Directions for this task
Quote all of the data exactly as given. Skip every picture it contains.

Given information
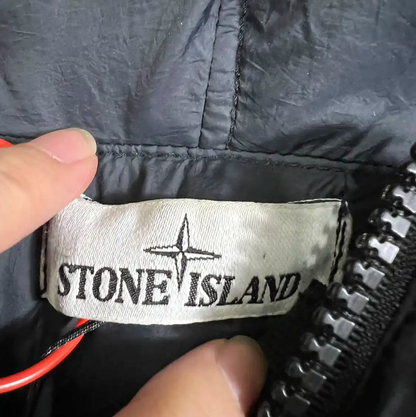 Stone Island Black Cotton Down Jacket for Men 0089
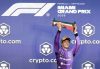 El italiano Andrea Kimi Antonelli (Mercedes) en el podio del Gran Premio de Miami (EEUU), EFE/EPA/CRISTOBAL HERRERA-ULASHKEVICH

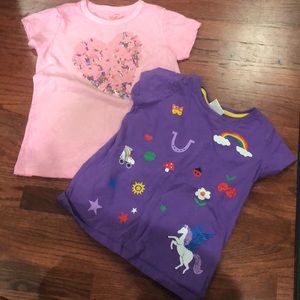 Girls summer tees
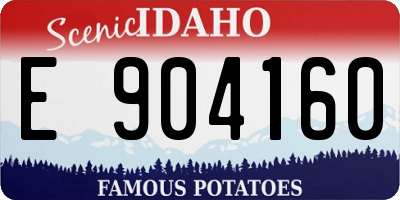ID license plate E904160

Solution below
 Stone Island Black Cotton Down Jacket for Men 0089
 El italiano Andrea Kimi Antonelli (Mercedes) en el podio del Gran Premio de Miami (EEUU), EFE/EPA/CRISTOBAL HERRERA-ULASHKEVICH

 Girls summer tees
ID license plate E904160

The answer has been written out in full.